Désormais en cas de crise grave (guerre ou catastrophe naturelle) le « scénario » – c’est bien le mot qui convient ici – de l’information télévisée se déroule d’une manière implacable. Il n’est plus une émission spéciale sans une bande-annonce qui semble vouloir égaler les génériques hollywoodiens de la plus grande époque. Images « retraitées » graphiquement pour leur donner un tour encore plus dramatique, bande-son digne d’un « blockbuster », des mots déclamés dans un style hybride qui emprunte à la fois à la publicité et à l’emphase théâtrale : dans leur grande majorité, les chaînes d’info comme les généralistes sacrifient au même rituel. Ce n’est pas nouveau. Les premières manifestations de cette spectacularisation de l’info remontent à la première guerre du Golfe, en 1991. Depuis lors le phénomène n’a fait que s’amplifier. Et ces dernières semaines, du printemps arabe à la guerre ivoirienne en passant par le Japon et l’intervention en Libye, les cellules d’infographie des JT n’ont pas chômé. On sait aussi depuis longtemps que cette « écriture » de l’information n’est pas innocente et que cette déclinaison spectaculaire du « récit » se construit au détriment du sens. Chaque crise confirme une tendance qui s’est encore accentuée avec la volonté revendiquée des responsables de l’information télévisée de fabriquer une narration journalistique qui s’inspire de plus en plus de la grammaire fictionnelle. Avec, comme le sait, le primat définitivement accordé au registre émotionnel.

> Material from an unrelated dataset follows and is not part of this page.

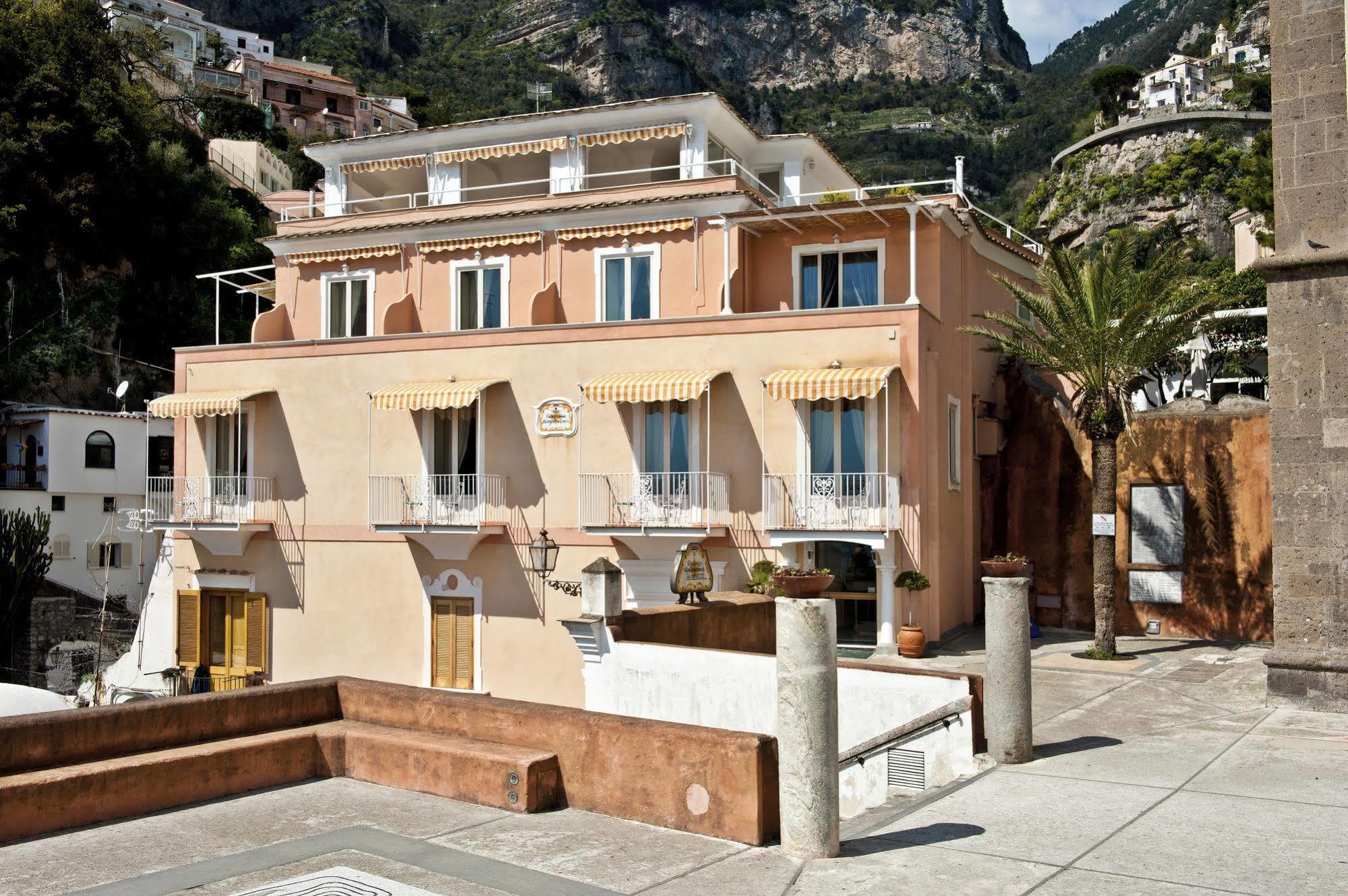 Flavio Gioia Aparthotel 3*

« Le relookage de l’information et la tentation de séduction du public par la narration ont décidé de faire fi de la distinction des genres et des identités, sans que le spectateur en soit expressément averti. » (F. Antoine)

L’effacement des frontières entre le réel et la fiction n’est pas récent. Et depuis ses origines, l’on sait que par sa nature même et par son langage spécifique, la télévision comporte toujours une part de spectacle, y compris dans le traitement du réel. Mais jamais sans doute la confusion n’a été aussi forte. Et elle ne se manifeste pas seulement lors des crises qui secouent la planète. La règle dominante vaut aussi pour la banalité de l’information quotidienne. Il y a peu dans la newsletter de l’Observatoire du récit médiatique (ORM) Département de communication de l’UCL. Fr. Antoine, « Les comédiens de l’info. Cécile de France aux commandes d’un futur JT ? », newsletter de l’ORM, n°21, 5 avril 2011 , Frédéric Antoine posait la question : « La mise en scène de l’information télévisée nécessite-t-elle le recours à des comédiens, voir le remplacement des journalistes par des acteurs professionnels ? Or, ce franchissement de frontières ne paraît plus poser problème dans des enquêtes reportages. Et il se manifeste aussi dans des émissions quotidiennes d’information, ce qui est encore plus interpellant. Est-ce normal ? » F. Antoine illustrait cette question par des exemples puisés dans les pratiques des magazines de la RTBF « Questions à la Une » et « On n’est pas des pigeons » qui, à divers titres, entretiennent cette confusion qui était jusqu’il y a peu l’apanage de ce qu’on appelait la « néo-télévision ». Et l’ORM notait justement que « le relookage de l’information et la tentation de séduction du public par la narration ont décidé de faire fi de la distinction des genres et des identités, sans que le spectateur en soit expressément averti ». Il est vrai que depuis « Bye bye Belgium » et le vrai-faux JT de la RTBF, la confusion du réel et de la fiction ne suscite plus vraiment de question.